--- Data extract ---
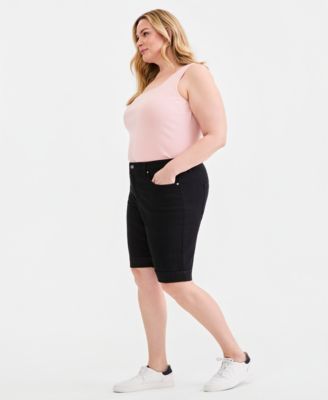 Plus Size Mid-Rise Roll-Cuff Bermuda Shorts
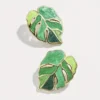 Women'S Colorful Enamel Leaf Dangle Earrings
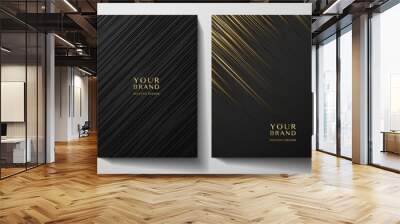 Modern black stripe cover design set. Luxury creative gold dynamic diagonal line pattern. Formal premium vector background for business brochure, poster, notebook, menu template  Wall mural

--- What to work on ---
Each line from the one containing "Women'S Colorful Enamel Leaf Dangle Earrings" through the last line of the data should be written out exactly. Skip the pictures, and add no other lines.

--- Problem solution ---
 Women'S Colorful Enamel Leaf Dangle Earrings
 Modern black stripe cover design set. Luxury creative gold dynamic diagonal line pattern. Formal premium vector background for business brochure, poster, notebook, menu template  Wall mural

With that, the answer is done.